Advogada Liège Fernandes Vargas, do escritório CPDMA

A governança corporativa em empresas familiares tem ganhado cada vez mais relevância no cenário empresarial brasileiro, no qual cerca de 90% das empresas possuem controle familiar. A ausência de um planejamento adequado para a sucessão do negócio e a dificuldade de manter a harmonia nas relações familiares, em muitos casos, culminam no fracasso da empresa após a terceira geração. Nesse contexto, a criação de mecanismos eficazes de governança e a implementação de estruturas formais são fundamentais para a continuidade e sustentabilidade dessas organizações.

As empresas familiares enfrentam o desafio de conciliar a gestão profissional do negócio com os valores e tradições familiares. A governança familiar, estruturada através da criação de conselhos, objetiva oferecer essa conciliação. O Conselho de Família, por exemplo, é um órgão (não societário) que possibilita a comunicação entre os membros familiares e auxilia na resolução de conflitos, na preservação dos valores da família e no planejamento da sucessão. Já o Conselho de Administração, órgão deliberativo previsto na Lei das Sociedades Anônimas, proporciona uma visão estratégica e imparcial sobre a gestão do negócio, sendo composto, muitas vezes, por membros externos que trazem uma abordagem mais técnica e profissional​.

Além dessas estruturas, a utilização de instrumentos jurídicos específicos é indispensável para assegurar a governança familiar.
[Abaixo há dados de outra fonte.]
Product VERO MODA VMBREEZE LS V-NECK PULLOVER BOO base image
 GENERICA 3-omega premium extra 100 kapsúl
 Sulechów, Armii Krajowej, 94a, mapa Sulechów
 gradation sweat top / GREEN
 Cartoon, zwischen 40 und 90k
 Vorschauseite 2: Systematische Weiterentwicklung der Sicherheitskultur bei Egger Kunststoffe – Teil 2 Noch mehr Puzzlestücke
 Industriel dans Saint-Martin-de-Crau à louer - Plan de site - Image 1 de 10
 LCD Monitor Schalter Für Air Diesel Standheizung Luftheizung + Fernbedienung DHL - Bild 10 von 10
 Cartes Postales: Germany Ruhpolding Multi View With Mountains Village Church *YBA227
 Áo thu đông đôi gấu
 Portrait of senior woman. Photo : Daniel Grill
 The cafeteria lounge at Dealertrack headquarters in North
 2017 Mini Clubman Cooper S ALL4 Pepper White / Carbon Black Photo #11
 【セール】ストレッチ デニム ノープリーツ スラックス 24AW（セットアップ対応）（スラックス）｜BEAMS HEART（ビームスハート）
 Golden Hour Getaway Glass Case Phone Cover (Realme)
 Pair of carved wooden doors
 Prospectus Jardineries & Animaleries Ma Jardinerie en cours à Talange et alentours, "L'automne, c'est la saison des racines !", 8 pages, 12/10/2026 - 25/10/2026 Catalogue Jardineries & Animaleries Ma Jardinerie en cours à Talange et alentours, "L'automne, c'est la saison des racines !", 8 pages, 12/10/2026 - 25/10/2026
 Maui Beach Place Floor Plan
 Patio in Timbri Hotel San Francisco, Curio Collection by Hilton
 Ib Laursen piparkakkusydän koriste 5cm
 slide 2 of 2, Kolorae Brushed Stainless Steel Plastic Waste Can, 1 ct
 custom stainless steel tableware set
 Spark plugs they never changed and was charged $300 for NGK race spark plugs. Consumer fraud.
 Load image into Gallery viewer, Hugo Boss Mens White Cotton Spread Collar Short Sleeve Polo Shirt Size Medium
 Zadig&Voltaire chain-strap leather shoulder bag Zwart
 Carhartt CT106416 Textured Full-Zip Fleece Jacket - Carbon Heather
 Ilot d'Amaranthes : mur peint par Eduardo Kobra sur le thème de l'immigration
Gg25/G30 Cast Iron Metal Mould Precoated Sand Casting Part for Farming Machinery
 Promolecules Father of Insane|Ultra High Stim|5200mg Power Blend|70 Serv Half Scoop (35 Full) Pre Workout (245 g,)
Nesse sentido, o Acordo de Sócios – também chamado de Acordo de Quotistas ou Acionistas, dependendo da natureza jurídica da sociedade – regula aspectos societários como a compra e venda de ações e o direito de voto, garantindo previsibilidade nas decisões empresariais futuras. Já o Protocolo Familiar, também conhecido como Estatuto Familiar, estabelece normas de convivência e responsabilidades entre os membros da família, envolvidos direta ou indiretamente no negócio, criando uma estrutura que minimiza conflitos internos e favorece a continuidade dos valores a serem passados ao longo das gerações.

Para implementação dessas estruturas de governança, podem ser utilizadas empresas no formato de holdings (as chamadas holdings familiares). Conceitualmente, a holding pode ser definida como uma pessoa jurídica que centraliza o controle organizacional e/ou patrimonial do grupo familiar, seja através de (i) uma holding pura, focada exclusivamente na gestão de participações em outras sociedades; (ii) uma holding mista, que agrega também outras atividades empresariais; ou, ainda, (iii) uma holding patrimonial, que tão somente administra o patrimônio familiar. Essas estruturas facilitam o planejamento sucessório e a administração do patrimônio, contribuindo para a perpetuação e preservação do negócio, podendo ainda acarretar a redução da carga tributária.

Analisando os desafios enfrentados por empresas familiares, um dos principais pontos de desgaste na relação familiar é a falta de interesse das gerações futuras em participar da gestão do negócio. Pesquisas recentes apontam que mais de 50% dos herdeiros não desejam se envolver diretamente na administração da empresa – pesquisa da consultoria KPMG mostra este quadro. Nesse cenário, é crucial que as famílias empresárias criem mecanismos de governança que permitam a continuidade do negócio, mesmo que a gestão direta passe a ser realizada por profissionais externos.

Ao mesmo tempo, é importante que os entes familiares que estão no controle e na gestão do negócio criem estruturas que fomentem as gerações mais novas a participarem e a entenderem as premissas familiares, oportunizando que estes tragam pontos de vista e mudanças do mundo contemporâneo que podem impactar diretamente na perpetuidade do negócio, principalmente aquelas de cunho tecnológico.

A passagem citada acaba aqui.